Domingo XXIII del Tiempo Ordinario, Ciclo C

El Evangelio de este domingo nos plantea la necesidad de renunciar a todo para poder seguir a Jesús: “El que no me prefiera más que a su padre y a su madre, a su mujer y a sus hijos, a sus hermanos y a sus hermanas, a su propia vida, no puede ser discípulo mío” (Lc. 14, 26); “el que no renuncia a todos sus bienes no puede ser discípulo mío” (Lc 14,33). Seguir a Jesús implica radicalidad. Jesús es un Señor incompatible con otros señores. El Señor, pues, formula tres exigencias para los que quieran seguirlo:
 
Primera Exigencia: “El que no me prefiera más que a su padre y a su madre, a su mujer y a sus hijos, a sus hermanos y a sus hermanas, a su propia vida, no puede ser discípulo mío” (Lc. 14, 26).
A primera vista parece ser una exigencia un poco oscura. Porque Dios mismo nos puso en el corazón el amor natural a los padres, a los hijos, a los seres queridos. Y todos sabemos y experimentamos de forma positiva o negativa cuán decisivo es el ambiente de la familia natural en el éxito o fracaso de la vida humana.
 
Pero Jesús no se pronuncia contra este natural amor familiar. Pone en claro el criterio, cuando se trata de jerarquizar el amor y sus exigencias: Dios está por encima de todo. Las exigencias más nobles del amor humano pasan al segundo plano, cuando Cristo se hace presente con sus exigencias.
 
San Benito, que había entendido este pasaje del Evangelio, propone “no anteponer absolutamente nada al amor por Cristo”. En definitiva, el amor por Cristo no excluye los otros amores –familia, bienes, sí mismo– sino que los ordena. Solamente en Él cada genuino amor encuentra su fundamento y su apoyo y la gracia necesaria para ser vivido hasta el fondo. Por ejemplo, los esposos, en su amor, estarán subordinados y guiados por el amor que Cristo ha tenido hacia su esposa, la Iglesia.
 
También María y José tuvieron que experimentar esta contradicción. Fue cuando Jesús, a la edad de 12 años, por voluntad del Padre celestial se quedó en el templo, a pesar de ser buscado desesperadamente por sus padres.
 
Segunda Exigencia: “Quien no lleve su cruz detrás de mí, no puede ser discípulo mío”. Prueba de que amamos a Jesús es cargar con su cruz. Cargar la propia cruz no significa ir en busca de sufrimientos. 
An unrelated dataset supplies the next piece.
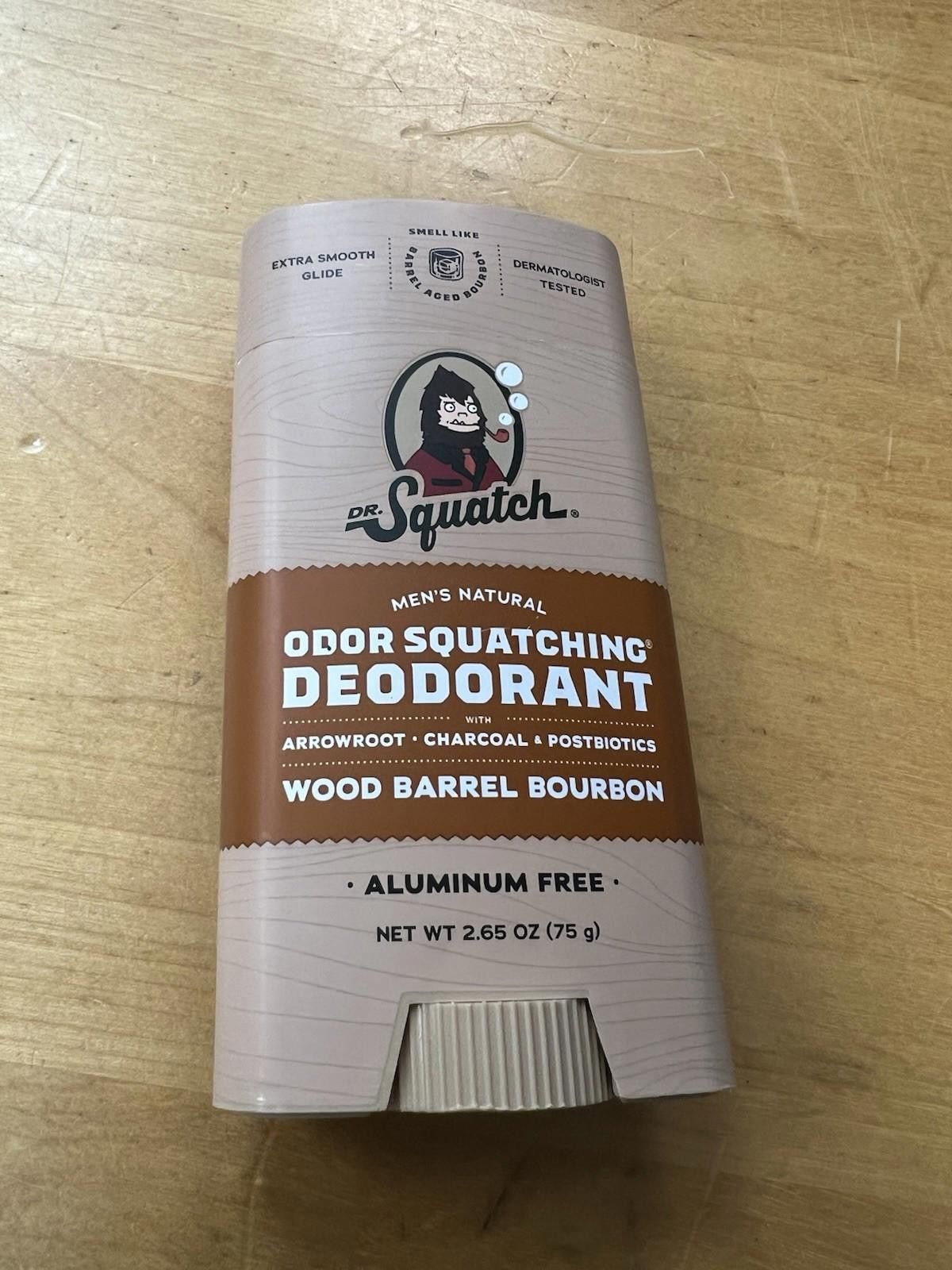 Other Dr. Squatch Wood Barrel Bourbon Deodorant 2.65 oz Size ONE SIZE - 1 Thumbnail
Ni siquiera Jesús ha ido a buscarse su cruz; ha tomado sobre sí, en obediencia a la voluntad del Padre, la que los hombres le pusieron sobre sus espaldas y la ha transforma¬do con su amor obediente de instrumento de suplicio en signo de redención y de gloria.
 
Jesús no ha venido a agrandar las cruces humanas sino, más bien, a darles un sentido a ellas. Tomás de Kempis ha dicho que “quien busca a Jesús sin la cruz, encontrará la cruz sin Jesús”; esto es, sin la fuerza para llevarla. “Si llevas voluntariamente la cruz, ella te llevará a ti y te conducirá al deseado fin, donde el sufrimiento tendrá fin. Si la llevas a la fuerza, te creas un peso que te pesará siempre cada vez más. Si echas fuera una cruz, seguramente, encontrarás otra y posiblemente más pesada… Cargar la cruz es amar a Dios sobre todo y hacer siempre su santa voluntad”.
 
Tercera Exigencia: “El que no renuncia a todos sus bienes, no puede ser discípulo mío”. Para llegar al final, al Cielo, Dios nos dice cuál es el cálculo que tenemos que hacer: saber que tenemos que renunciar a todo. Él, que es “Todo”, quiere “todo”.  Y lo quiere, porque sabe que eso que consideramos nosotros nuestro “todo” realmente no es “nada”.
 
Jesús no ilusiona, ni desilusiona a nadie; lo pide todo porque quiere darlo todo, porque es Dios; es más, ya lo ha dado todo: “Cristo nos amó y se entregó por nosotros como oblación y víctima de suave aroma” (Efesios 5, 2). Un día la Beata Ángela de Foligno, joven, bella, acomodada y viuda, meditaba sobre la pasión del Salvador en una iglesia, cuando, de improviso, sintió resonar en su mente con gran fuerza estas palabras: “¡No te he amado de broma!” Empezó a llorar porque de golpe se dio cuenta que su amor para con Jesús no había sido, hasta entonces, precisamente, más que “una broma”, en comparación con el de Cristo para con ella.